Protests against Keystone XL pipeline planned for Monday. An interactive version
of this map can be found
here.
The State Department's
supplemental environmental impact statement (SEIS) on the Keystone XL pipeline has already spurred opponents into action even though President Obama's final decision on whether to build the much-disputed pipeline won't be announced until May at the earliest. Throughout Monday,
some 200 277 protests against the project will take place from Honolulu to Tucson to Wakefield, R.I. Here is
an interactive map of the planned demonstrations.
The protests are being organized by CREDO, the Rainforest Action Network and the Sierra Club, with support from 350.org, The Other 98%, Center for Biological Diversity, Oil Change International, Bold Nebraska, the Energy Action Coalition, the Natural Resources Defense Council, The Hip Hop Caucus, the Overpass Light Brigade, Environmental Action, the League of Conservation Voters, the Waterkeeper Alliance, Friends of the Earth, Forest Ethics, Forecast the Facts and many other of the 550 organizations that have voiced public opposition to the pipeline.

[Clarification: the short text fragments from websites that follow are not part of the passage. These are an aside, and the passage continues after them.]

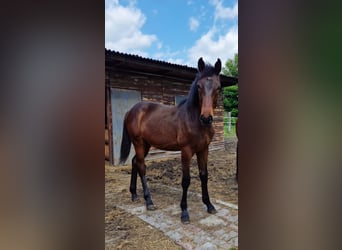 Polish Halfbred, Stallion, 1 year, 14,2 hh, Bay-Dark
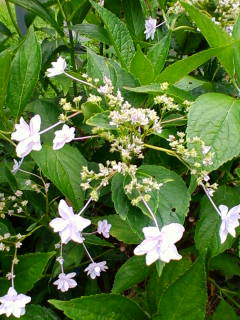 脳味噌の饐えて大暑の講義室 夏井いつきの100年俳句日記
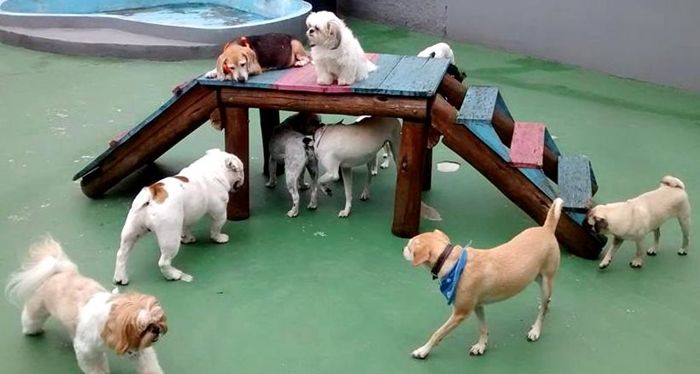 Creches para cães oferecem de natação a festa de aniversário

Since 2008, Keystone XL has been avidly pursued by builder TransCanada and heavy-weights in the oil industry, including Koch Industries, which controls about 6 percent of the Athabasca Tar Sands of Alberta. It is petroleum extracted from that formation that would feed the pipeline, which is designed to carry 830,000 barrels a day through the heart of the United States to the Gulf Coast refineries of Texas.
That petroleum—bitumen, transported as diluted bitumen, or dilbit—generates 17 percent more carbon emissions when it is extracted, refined and burned than do conventional sources of oil, according to the SEIS. That makes it some of the dirtiest oil on the planet. There are, according to some estimates, 1.7 trillion barrels of oil in the tar sands, with 170 billion barrels considered to be recoverable by current techniques.
Obama rejected the first proposed Keystone XL route, citing problems with the routing through wetlands in Nebraska. But he made clear that TransCanada could reapply, which it soon did with an modestly adjusted route. Two months after he rejected the original route for the northern leg, Obama fast-tracked the southern leg of the pipeline from Cushing, Oklahoma, to Nederland, Texas. That leg is now up and running.
The State Department's SEIS concedes that “the total direct and indirect emissions” of the pipeline “would contribute to cumulative global GHG emissions.” But it states that is “unlikely to significantly affect the rate of extraction in oil sands areas." That because it buys into the argument that railroads and other pipelines will provide the needed transportation to move the tar sands petroleum. But, 10 months ago, a report by Reuters concluded that railroads would not be able to substitute for the pipeline.
Many critiques of the SEIS, which amounts to the third draft of the impact statement on the 1,179-mile northern leg of the 36-inch pipeline, view it as an industry-dictated sham. But several also say it contains all the facts the president needs to reject it. Under an executive order rooted in the 1960s, pipelines, bridges, tunnels and tramways that cross international boundaries require a special presidential permit that is supposed to be decided on the basis of whether a project is in the "national interest."
Before that decision is made, the process requires a 90-day review by eight federal agencies, including the Environmental Protection Agency, which found the two previous impact statements on the pipeline to be wanting. In addition, starting Feb. 5, there will be a 30-day public comment period. Some 1.2 million public comments were submitted during the previous comment period.